Grapes of Wrath
There's a popular tweet, made more popular by my inability to shut up about it: A grocer is asked, "Can I try a grape?" by a customer was browsing the produce section.
The grocer says: "I wouldn't care if you lit this place on fire with me in it."
This is everything - I can see the grocer pressing "pause" on his music, slipping his iPhone into his pocket, waiting to hear what fresh nonsense a customer is presenting to him on this particular day in hell.

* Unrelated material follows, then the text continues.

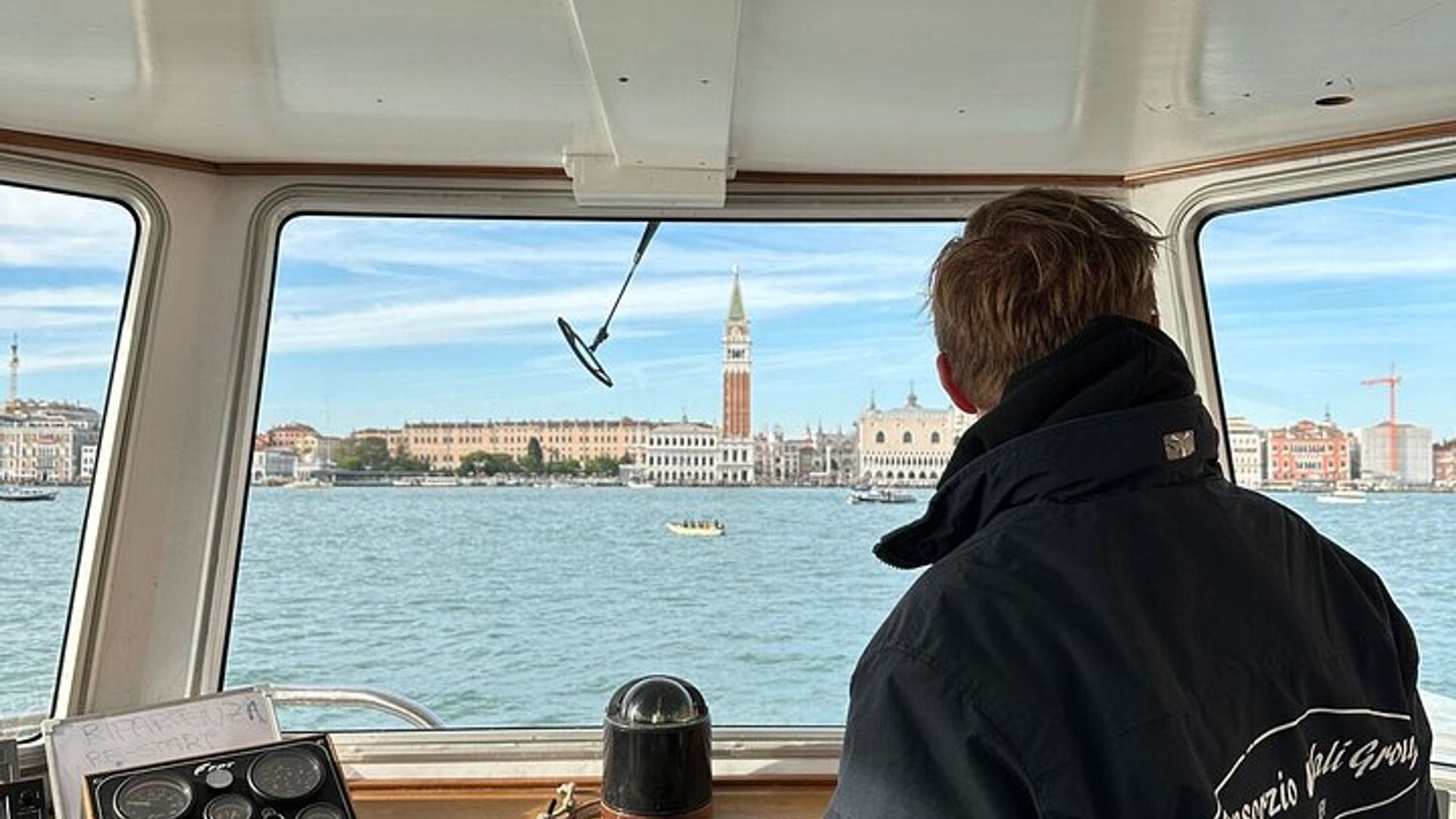 1-hour panoramic tour of Venice by boat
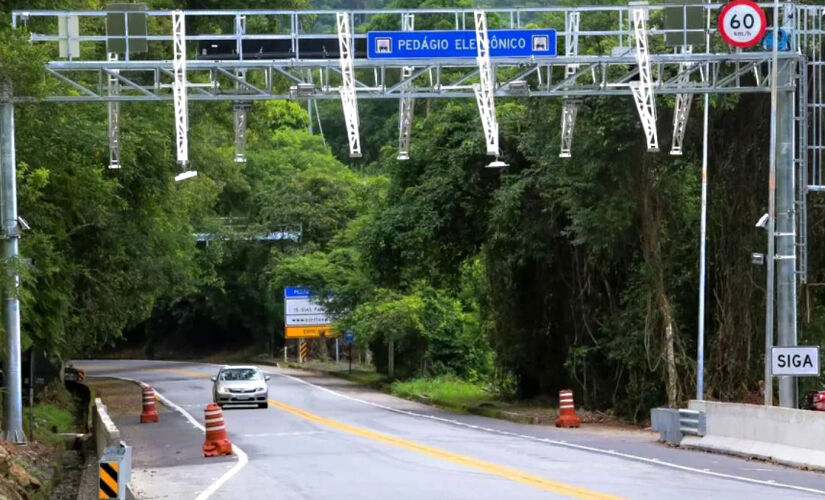 Motoristas que utilizam a rodovia Presidente Dutra deverão ficar atentos a novo esquema de cobrança de pedágios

The grocer's student loans have been piling up. He needs to pay rent. His mom called, she's in the hospital. The trifecta of American bullshit bills has piled up, and he is on call to pay them.
He makes $16.70 an hour. This is above average. He wanted a new Xbox. A new TV. This is now a wet dream.
While the customer asks him about the grapes, he is somewhere else. He is in Tahiti, or Puerto Rico, or at the bar down the street. He is singing karaoke at said bar, drinking his problems into oblivion. A beer in this city costs $8 before tip. That's what he makes in half and hour of work.
While he is thinking this, and saying: "I wouldn't care if you lit this place on fire with me in it," he is imagining the fire from within, the one that keeps him coming in for his paycheck.
No: he is actually thinking about flames, about annihilation, about burning.
For this is corporate America, and he is just a player in a bigger game of grapes.